Apologies if this is just me being dumb!

Either I’m going mad or alloca doesn’t work in a way that makes sense to me on the AVR back end?

I have some code that creates a load of alloca instructions. The program hung and when I stepped through in AVR-gdb I found it seemed to be creating stack corruption.

The IR…

define protected i32 @main(i32 %0, i8** nocapture readnone %1) local_unnamed_addr addrspace(1) #0 !dbg !31 {
 %3 = tail call swiftcc addrspace(1) %swift.metadata_response @"$ss11_ArrayIndexVMa"(i16 0) #6, !dbg !43
 %4 = extractvalue %swift.metadata_response %3, 0, !dbg !43
 %5 = getelementptr inbounds %swift.type, %swift.type* %4, i16 -1, !dbg !43
 %6 = bitcast %swift.type* %5 to i8***, !dbg !43
 %7 = load i8**, i8*** %6, align 2, !dbg !43, !invariant.load !2, !dereferenceable !65
 %8 = getelementptr inbounds i8*, i8** %7, i16 8, !dbg !43
 %9 = bitcast i8** %8 to i16*, !dbg !43
 %10 = load i16, i16* %9, align 2, !dbg !43, !invariant.load !2
 %11 = alloca i8, i16 %10, align 16, !dbg !43
 call addrspace(1) void @llvm.lifetime.start.p0i8(i64 -1, i8* nonnull %11), !dbg !43
 %12 = bitcast i8* %11 to %swift.opaque*, !dbg !43
 %13 = alloca i8, i16 %10, align 16, !dbg !66
 call addrspace(1) void @llvm.lifetime.start.p0i8(i64 -1, i8* nonnull %13), !dbg !66
 %14 = bitcast i8* %13 to %swift.opaque*, !dbg !66
etc etc something like 20 times

when I looked at the assembly lowered from one of the alloca instructions I saw this (as an example)…

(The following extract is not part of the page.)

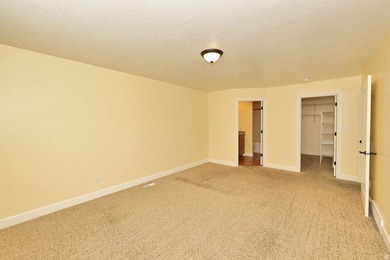 Beautifully maintained Spanish Fork townhome offering space - photo 15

    360:    2d b7           in    r18, 0x3d    ; 61
    362:    3e b7           in    r19, 0x3e    ; 62
    364:    28 1b           sub    r18, r24
    366:    39 0b           sbc    r19, r25
    368:    20 7f           andi    r18, 0xF0    ; 240
    36a:    49 01           movw    r8, r18
    36c:    0f b6           in    r0, 0x3f    ; 63
    36e:    f8 94           cli
    370:    3e bf           out    0x3e, r19    ; 62
    372:    0f be           out    0x3f, r0    ; 63
    374:    2d bf           out    0x3d, r18    ; 61

…basically repeated again and again. Obviously there’s an inefficiency with repeatedly loading and saving the SP. But the issue is it seems to me like it’s off by one? Say the stack pointer starts at 0x8FF, each time you PUSH, the SP will store the value in RAM at the location of SP (0x8FF), then decrement SP (0x8FE).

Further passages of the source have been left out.